Using my H-Bot software tool, Roy and I scanned the Internet to assess the quality of online information about history. In short, we found that while critics are correct that there are many error-riddled web pages, on the whole the web presents a relatively sound portrayal of historical facts through a process of consensus. With the right tools, these facts can be extracted from the web, leaving the more problematic web pages aside.

Moreover, this process of historical data mining on the web should prompt further discussion about the significance of all of this historical information online. To do some of our own prompting, we had a special multiple-choice test-taking version of H-Bot take the National Assessment of Educational Progress U.S. History exam using nothing but the web and some fancy algorithms borrowed from computer science. [Spoiler alert: it passed.] This raises new questions that move far beyond simple debates over the reliability of information on the web and into the very nature of teaching, learning, and research in our digital age.

Do APIs Have a Place in the Digital Humanities?

Monday, November 21st, 2005

Since the 1960s, computer scientists have used application programming interfaces (APIs) to provide colleagues with robust, direct access to their databases and digital tools. Access via APIs is generally far more powerful than simple web-based access. APIs often include complex methods drawn from programming languages—precise ways of choosing materials to extract, methods to generate statistics, ways of searching, culling, and pulling together disparate data—that enable outside users to develop their own tools or information resources based on the work of others. In short, APIs hold great promise as a method for combining and manipulating various digital resources and tools in a free-form and potent way.

Unfortunately, even after four decades APIs remain much more common in the sciences and the commercial realm—for example, the APIs provided by search behemoths Google and Yahoo—than in the humanities. There are some obvious reasons for this disparity. By supplying an API, the owners of a resource or tool generally bear most of the cost (on their taxed servers, in technical support and staff time) while receiving little or no (immediate) benefit. Moreover, by essentially making an end-run around the common or “official” ways of accessing a tool or project (such as a web search form for a digital archive), an API may devalue the hard work and thoughtfulness put into the more public front end for a digital project. It is perhaps unsurprising that given these costs even Google and Yahoo, which have the financial strength and personnel to provide APIs for their search engines, continue to keep these programs hobbled—after all, programmers can use their APIs to create derivative search engines that compete directly with Google’s or Yahoo’s results pages, with none of the diverting (and profitable) text advertising.

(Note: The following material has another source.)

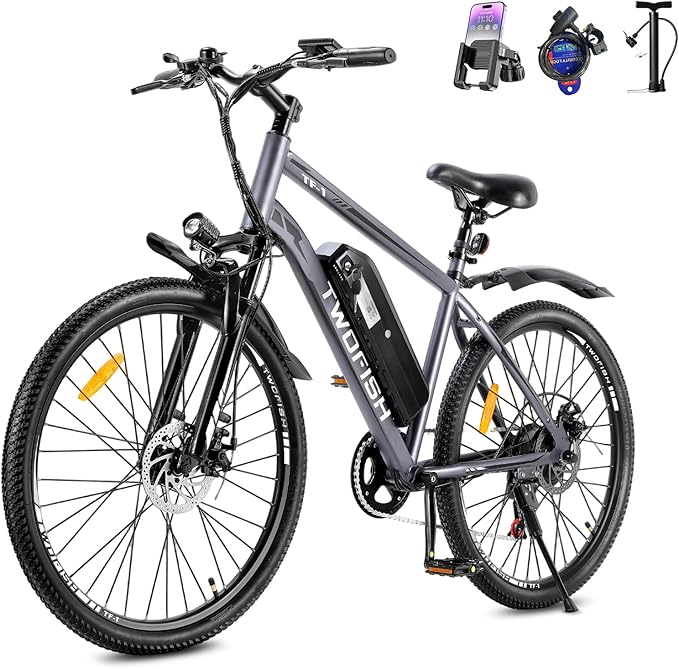 TWOFISH Electric Mountain Bike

So why should projects in the digital humanities provide APIs, especially given their often limited (or nonexistent) funding compared to a Google or Yahoo? The reason IBM conceived APIs in the first place, and still today the reason many computer scientists find APIs highly beneficial, is that unlike other forms of access they encourage the kind of energetic and creative grass-roots and third-party development that in the long run—after the initial costs borne by the API’s owner—maximize the value and utility of a digital resource or tool. Motivated by many different goals and employing many different methodologies, users of APIs often take digital resources or tools in directions completely unforeseen by their owners. APIs have provided fertile ground for thousands of developers to experiment with the tremendous indices and document caches maintained by Google and Yahoo. New resources based on these APIs appear weekly, some of them hinting at new methods for digital research, data visualization techniques, and novel ways to data-mine texts and synthesize knowledge.

Is it possible—and worthwhile—for digital humanities projects to provide such APIs for their resources and tools? Which resources or tools would be best suited for an API, and how will the creators of these projects sustain such an additional burden? And are there other forms of access or interoperability that have equal or greater benefits with fewer associated costs?